Juan Fernando Quintero Paniagua (born 18 January 1993) is a Colombian professional footballer who plays as an attacking midfielder for Atlético Junior and the Colombia national team. 

He has been mentioned among the more coveted young players in European football by The Times of London. At the age of 19, Quintero already started to receive praise for his impressive performances during his time in Italy. During his time of the 2013 South American Youth Championship, he has been recognized as not only one of the most promising youth aspects from only South America, but the world.

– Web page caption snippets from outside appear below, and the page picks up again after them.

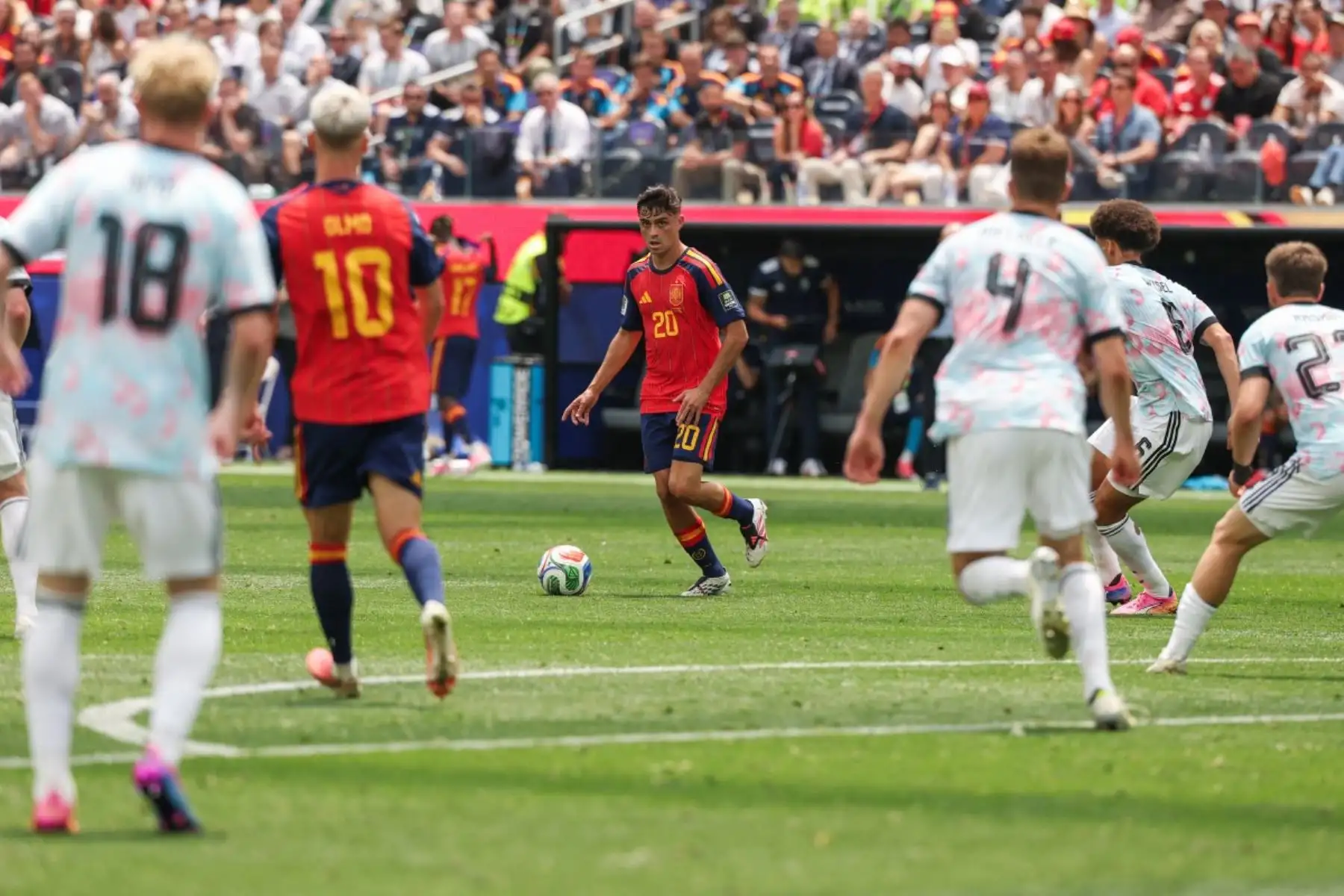 El centrocampista español Pedri, número 20, controla el balón durante el partido de cuartos de final del Mundial de Fútbol de 2026 entre España y Bélgica en el estadio de Los Ángeles en Inglewood, el 10 de julio de 2026. (Foto de ETIENNE LAURENT / AFP)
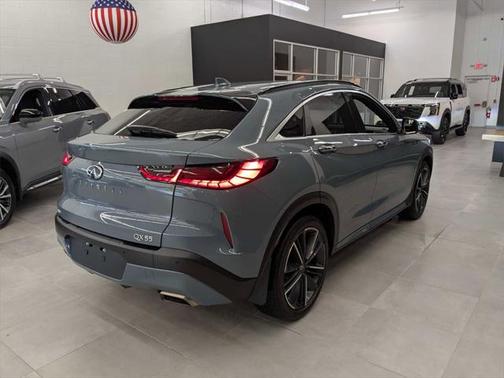 2023 INFINITI QX55 LUXE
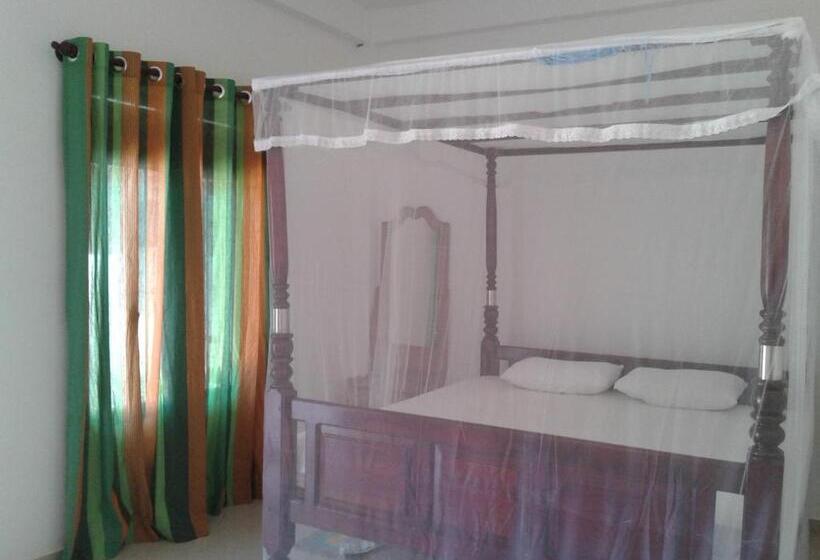 キングサイズベッドのスタンダードルーム, Family Guest House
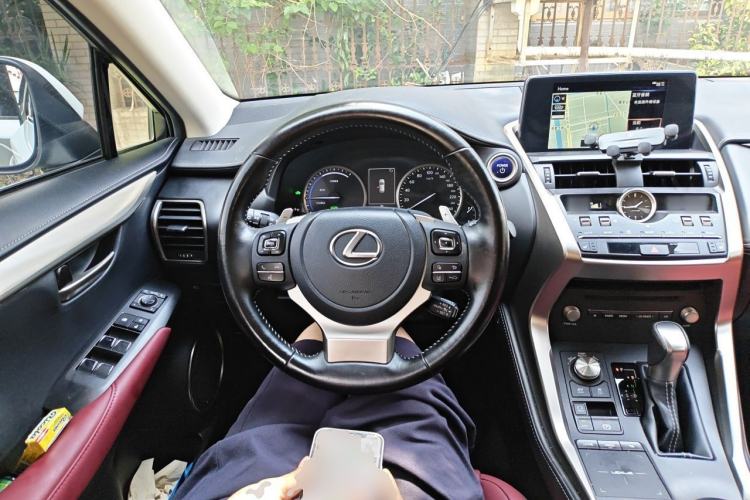 Used Lexus NX 2020 300h Front-Drive FENGSHANG Version China VI Standard Steering Wheel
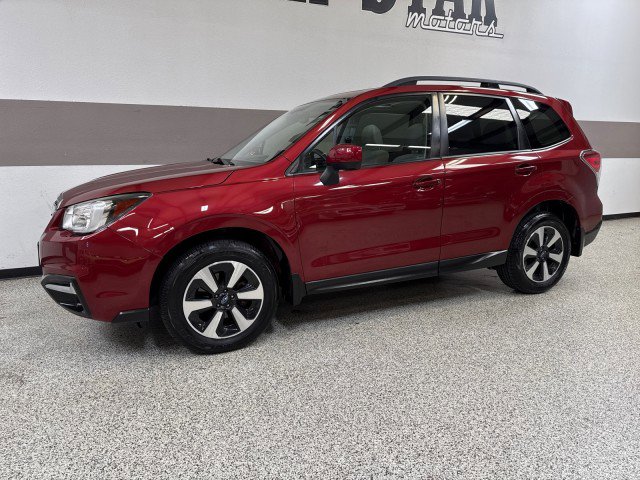 Used 2017 Subaru Forester 2.5i Premium w/ All-Weather Package image 4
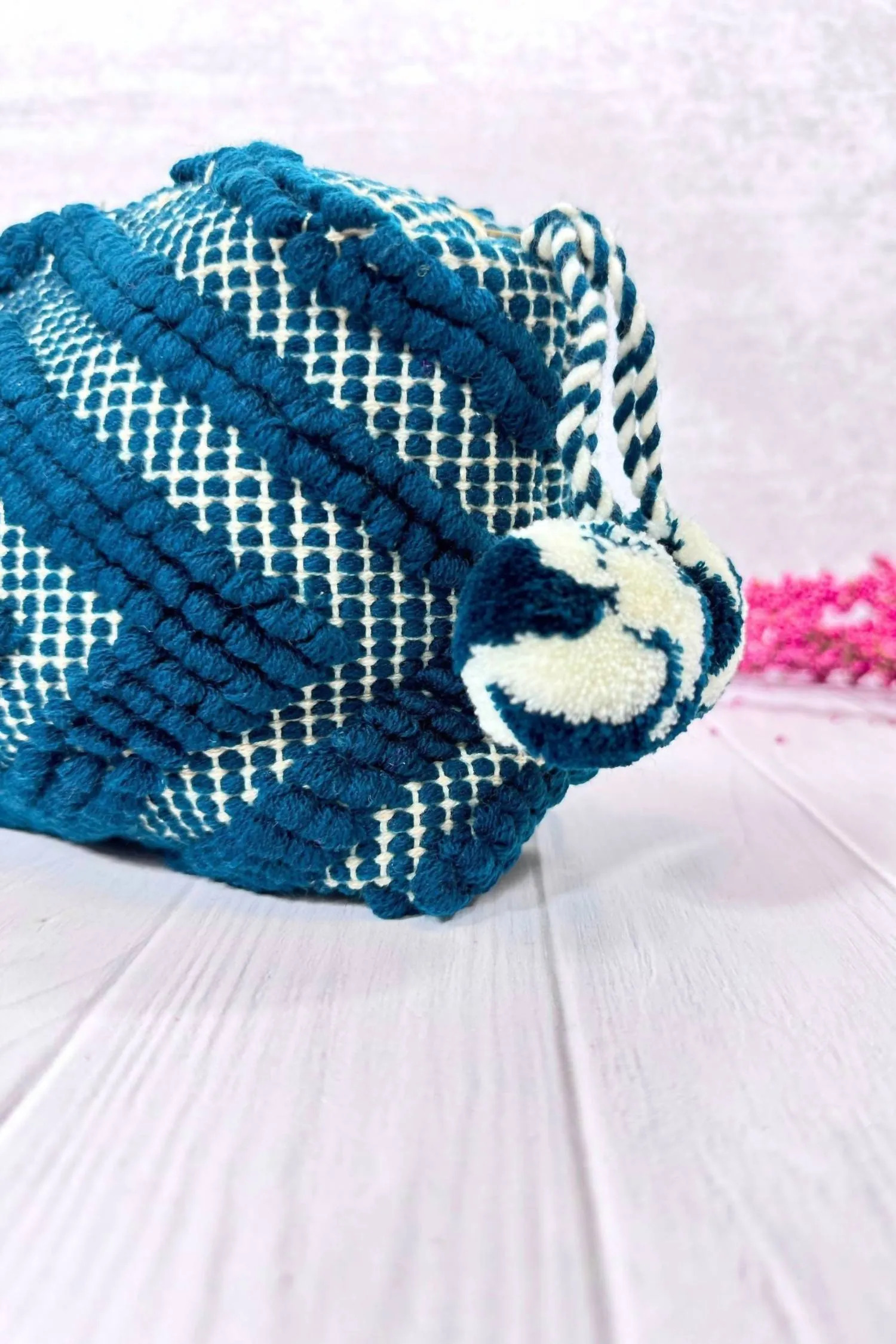 Diamond Carpet Cosmetic Bag In Navy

Quintero has represented Colombia since he was 19, making his official debut in 2012 against Cameroon. At the 2013 South American Youth Championships, he led Colombia to their third title while voted as the tournament's MVP for contributing more than any other player for his respective nation. He also took part in the 2013 FIFA U-20 World Cup in Turkey where he gained more praise for his talents after creating a huge impact in the tournament. Quintero went on to represent Colombia in the 2014 FIFA World Cup in Brazil, where he scored his first world cup goal against Côte d'Ivoire in a group stage match on 19 June 2014. In the 2018 FIFA World Cup he scored against Japan, becoming the first Colombian to score in two FIFA World Cup competitions.

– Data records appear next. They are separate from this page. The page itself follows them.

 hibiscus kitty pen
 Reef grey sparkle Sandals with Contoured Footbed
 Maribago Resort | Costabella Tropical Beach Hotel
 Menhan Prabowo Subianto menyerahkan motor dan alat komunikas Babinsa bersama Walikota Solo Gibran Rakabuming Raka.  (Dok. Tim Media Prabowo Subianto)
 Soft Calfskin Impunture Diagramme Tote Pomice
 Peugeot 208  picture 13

His overall size and style of play as well as his left-foot has led him to be compared to Lionel Messi.

Club career

Envigado
Born in Medellín, Colombia, he joined the youth squad for Envigado after an impressive performance during a youth tournament that took place in Medellin.

Atlético Nacional
Quintero joined the ranks of Atlético Nacional during 2011.

Loan to Pescara
He then joined the ranks of Serie A Pescara months after joining Nacional, wasting no time in impressing European scouts.

It was reported in early 2013 that Inter Milan and Udinese have confirmed their bidding interest. Although Udinese is the only club to have made an official bid.

In early April 2013, it was reported that Quintero suffered an injury and would be out for a month.

In mid May 2013, Quintero posted on Twitter 'good bye and thank you' to Pescara, hinting that he was to leave in the Italian side in the summer. While Pescara claimed that he has not been 'sold', it hinted Quintero's desire to leave the club overall.

Porto
Quintero joined Porto from Pescara for €5 million, with the Italian club retaining 50% of the economic rights. Quintero signed a four-year contract with a release clause of €40 million.

Quintero made his first full debut appearance in the 2013 Emirates Cup against Napoli. He assisted Porto's first goal.

2013–14 season

Quintero's first 'official' match with Porto began with the 2013 Supertaça Cândido de Oliveira, where he came on as a sub after 76 minutes when Porto were already ahead by 3-0. Porto went on to win the match, thus giving Quintero's very first silverware not only in Europe, but in his club career.

Quintero debut in his first league match for the club against Vitoria Setubal, coming on as a sub and scoring less than a minute later. Quintero provided his first assist for the club two weeks later against P. Ferreira in a 1–0 victory. In a match against Vitória de Guimarães, Quintero drew a penalty that was successfully converted, thus granting him an assist in a 1–0 home victory. Quintero came in on the 90th minute against F.C. Arouca where he was then fouled near the box. He then converted an impressive free kick goal, seconds after only coming in.

In late October, Quintero suffered a hamstring injury, expecting to be out for a month.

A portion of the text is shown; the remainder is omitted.